My father had been one of her first adherents and worked very closely with her in opposition, so it was a delight for me to be asked to serve as a minister when I was in my thirties.
She had complete mastery of her brief, and was fierce with you if you couldn’t match that.
Always much more pragmatic than the ideological caricature suggests, she liked a discussion and relished a debate. What she demanded was for her colleagues to be on top of their briefs.
She dominated British politics, standing as a Titan above the others. As a Prime Minister she was quite literally world-changing. Alongside Reagan she stood up to the forces of Communism, determined to see liberty return across Europe. At home she was tough, decisive and passionate.
Yet she was also kind and compassionate, despite her Iron image.
When one of my children was taken gravely ill she took the time to write to me and my wife by hand.
It was a touching example of how much she genuinely cared for the welfare of those around her. And she did this while she was leading the country at war.
As a young politician I was privileged to serve in her Government. I will never forget what the country owes to her. She transformed Britain from a basket case to a world-leader.
The disastrous economic legacy of the Winter of Discontent was turned into a boon economy and a country that was proud of its aspiration.

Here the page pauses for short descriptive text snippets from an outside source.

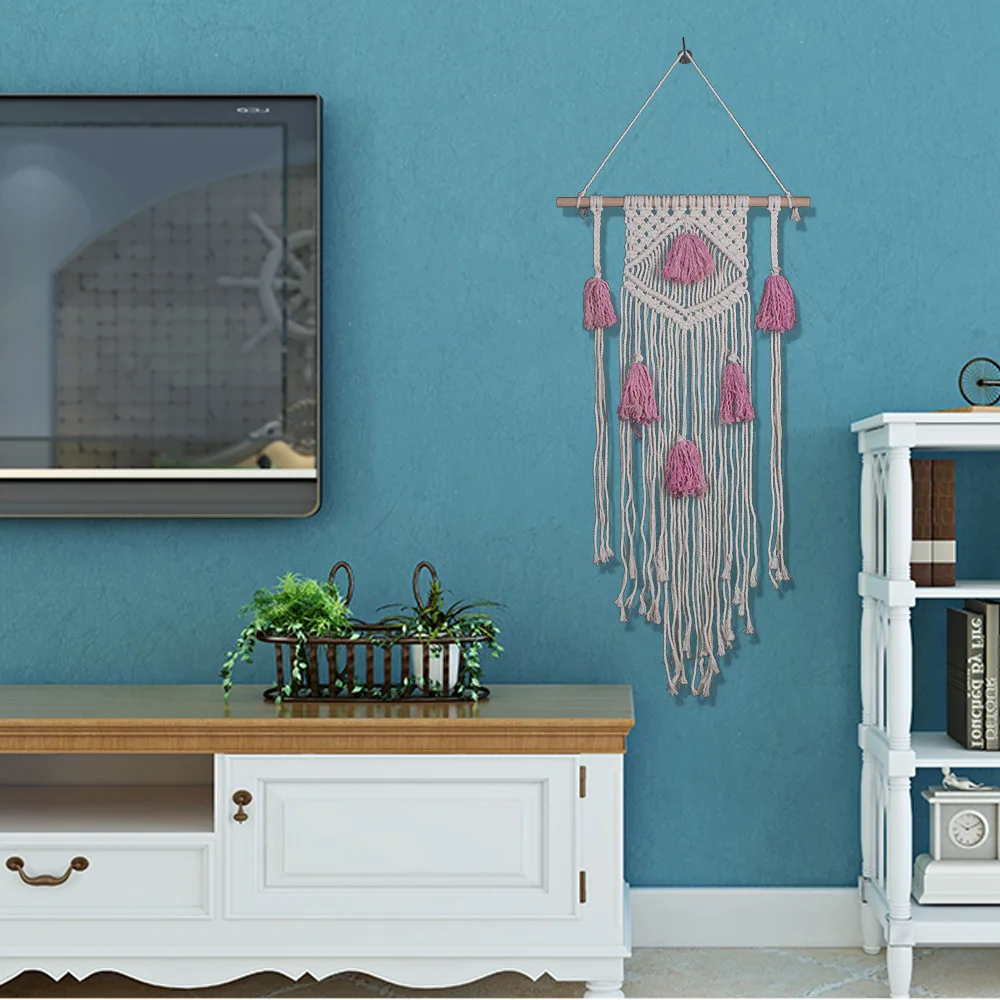 Creative Pattern Weaving Bohemian Tassels Weaving Tapestry Wedding-Sofa Background Wall Decorations MS7164
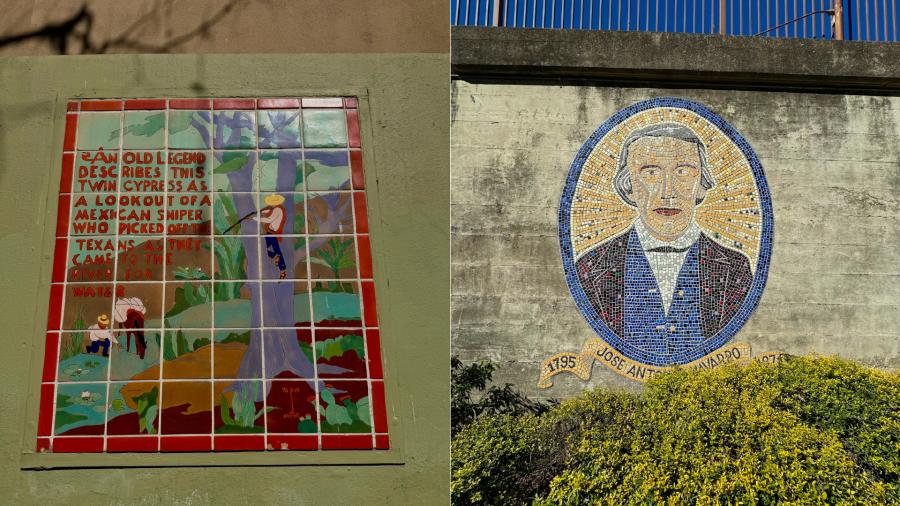 murals on the river walk walls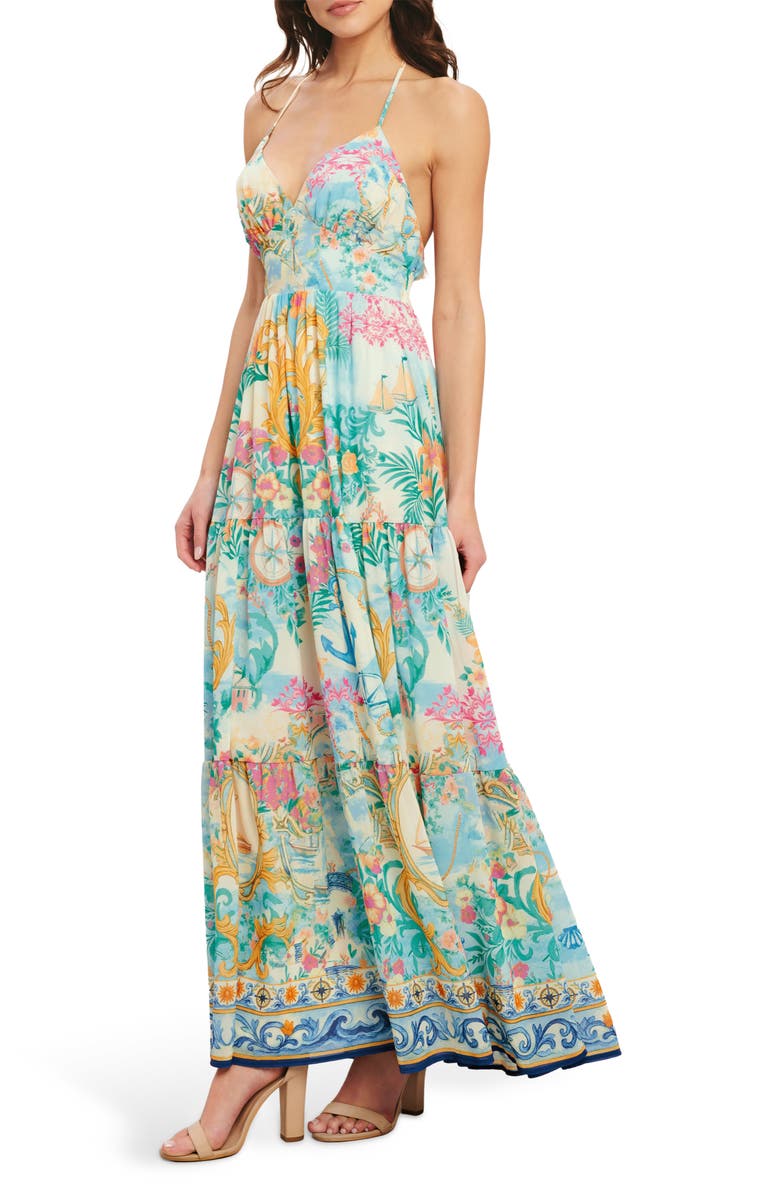 FLYING TOMATO Print Halter Maxi Dress, Alternate, color, Ivory Multi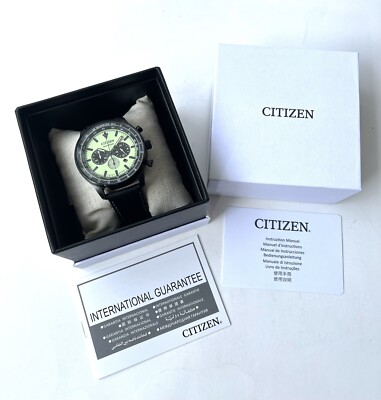 New! Citizen Eco-Drive Watch CA4505-21X Chronograh Green Lum Dial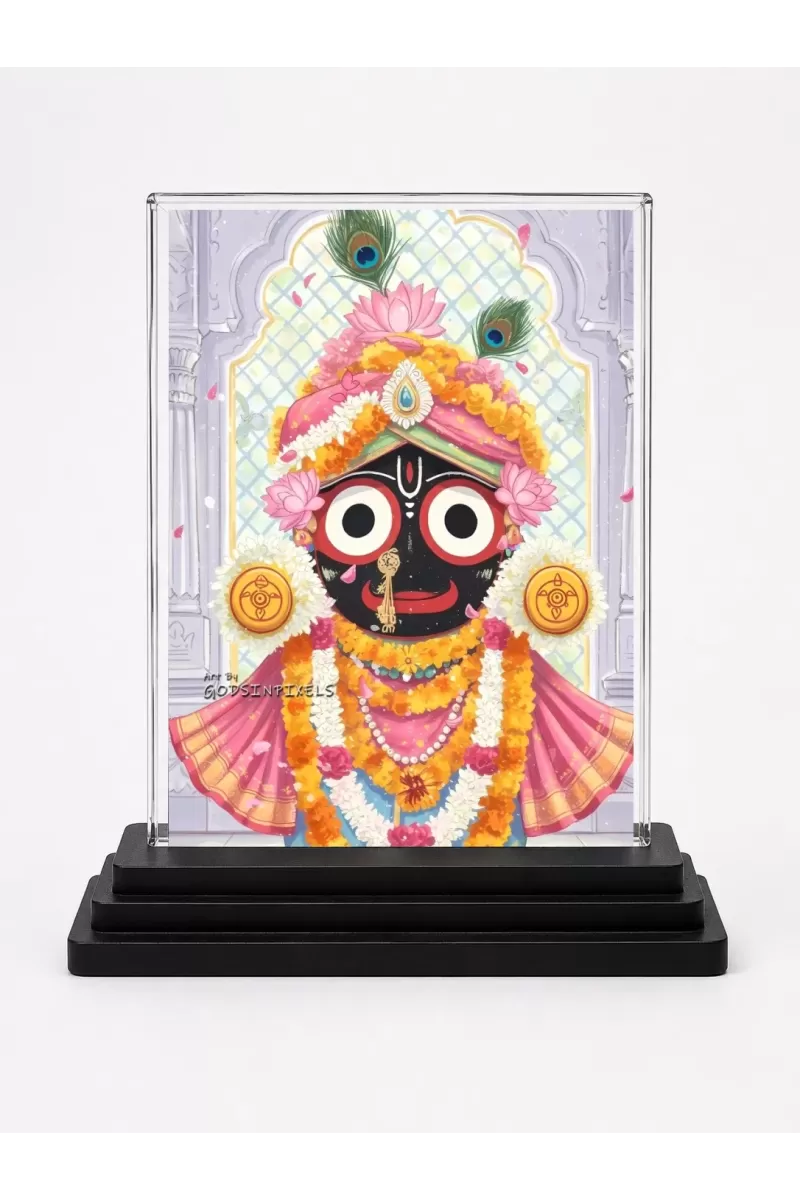 Lord Shree Krishna Acrylic Car Dashboard Showpiece | Double-Sided Lord Shree Krishna Photo Stand | 3 X 4 Inch Photo | Transparent Acrylic Frame With Black Base | Car Dashboard, Office & Table Decor (F71534)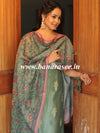 Banarasee Chanderi Silk Zari Buti Salwar Kameez Fabric With Digital Print Dupatta-Pastel Green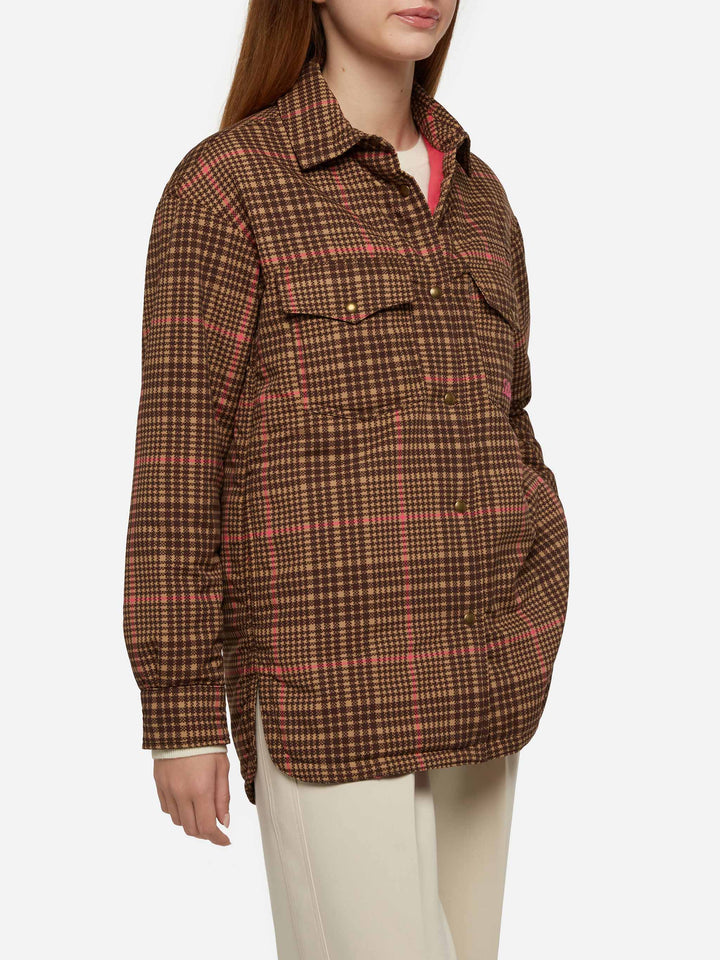 Quilted padded lightweight jacket Kimmy with pied de poule print - MC2 Saint Barth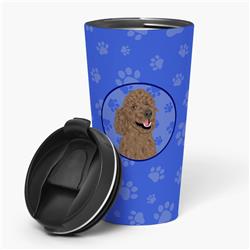 Picture of Carolines Treasures WDK1158TBL215 7.25 x 3.5 in. Unisex Poodle Standard Brown Stainless Steel 16 oz Tumbler, Blue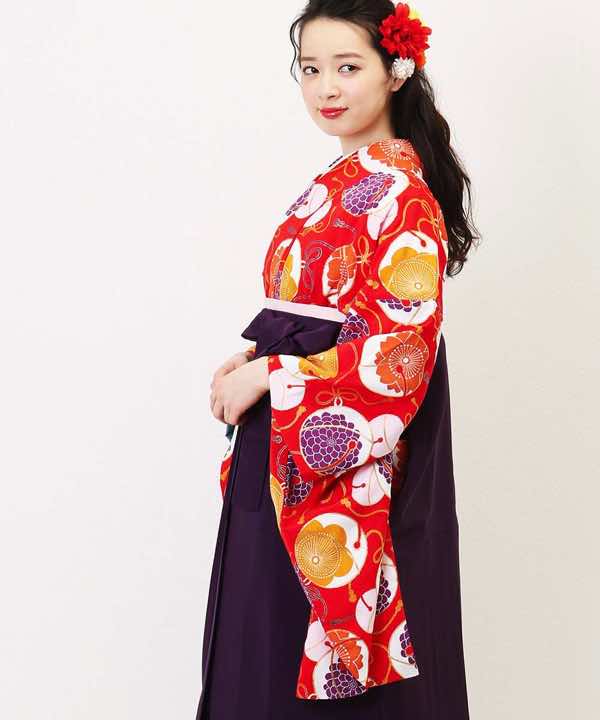 卒業式袴レンタル | 赤地に可愛い鈴 紫袴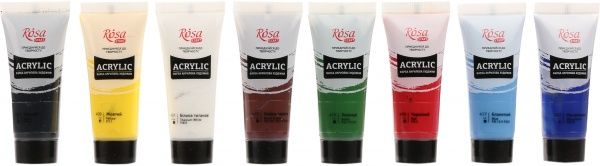 Набор красок акриловых 8 цветов 20 мл Rosa Start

To this day I remain a passionate Thatcherite: sensibly Eurosceptic, fiscally conservative but above all convinced that a determined Government can transform this country for the better and restore its power on the global stage.
Politics is often called the art of the possible. Yet Lady Thatcher never accepted that. She would not listen to naysayers and those who said ‘it can’t be done’.
She wanted to know how it can be done. The lesson all of us should take from her legacy is to push forward with what we believe in.
It is that resoluteness, that firmness of purpose that makes Britain truly Great and it’s something I draw on every single day.